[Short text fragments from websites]
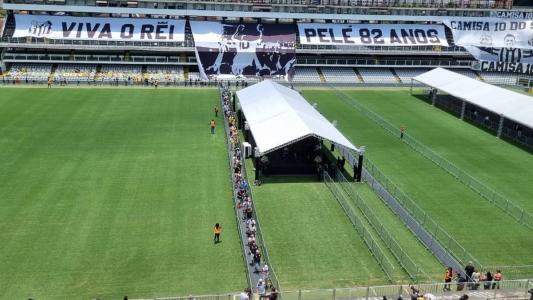 Vila Belmiro é palco da despedida do Rei do Futebol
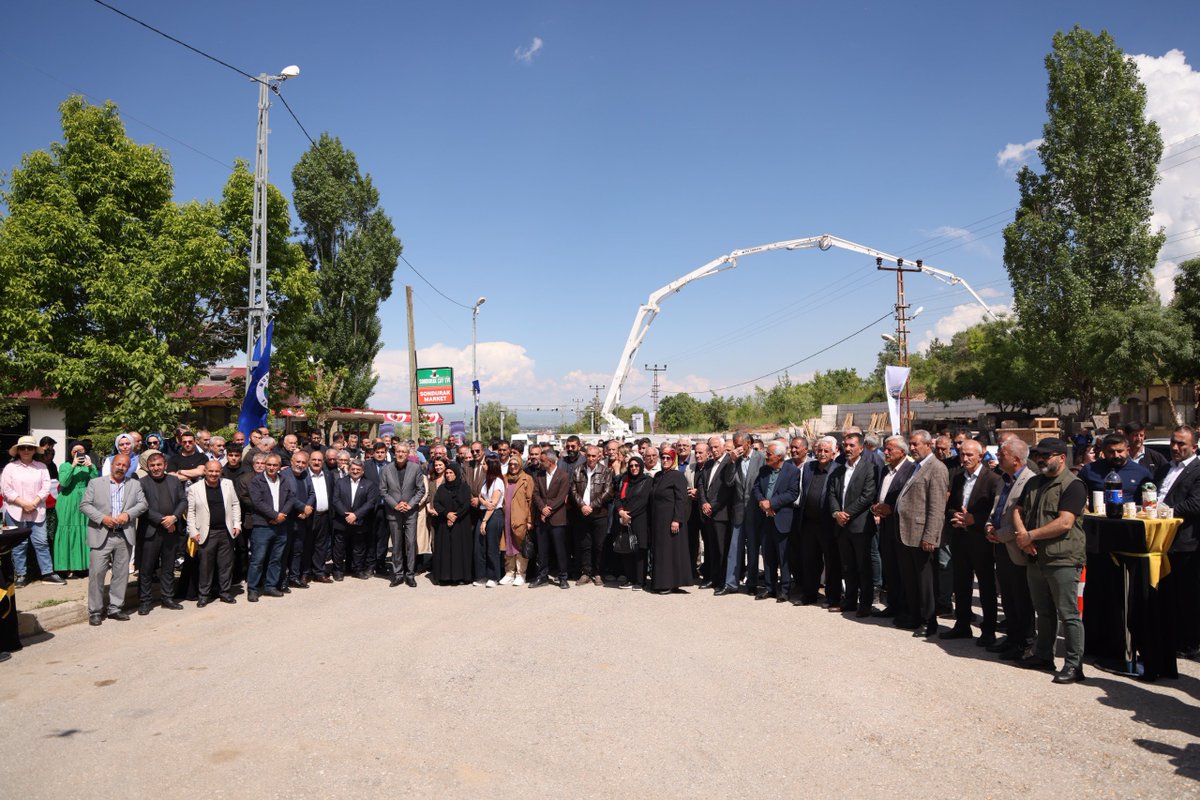 mus_bld's tweet photo. 📌 Muş’a Bir İlki Kazandırıyoruz

Muş Belediyesi tarafından Dere Mahallesi Şehir (Taşo) Mezarlığı yanında yapımını başlanan ve ilk olma özelliği taşıyan Mezarlıklar Hizmet Merkezi’nin temel atma töreni yoğun katılımla gerçekleştirildi.

Devamı 👇👇

https://t.co/gcwn6hKPO1 https://t.co/c78NF4bZ98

> DIRECTIONS:
Leave out every line before the one containing "Muş Belediyesi tarafından". Transcribe that line and all lines after it through the end of the data above, exactly.

> WRITTEN ANSWER:
Muş Belediyesi tarafından Dere Mahallesi Şehir (Taşo) Mezarlığı yanında yapımını başlanan ve ilk olma özelliği taşıyan Mezarlıklar Hizmet Merkezi’nin temel atma töreni yoğun katılımla gerçekleştirildi.

Devamı 👇👇

https://t.co/gcwn6hKPO1 https://t.co/c78NF4bZ98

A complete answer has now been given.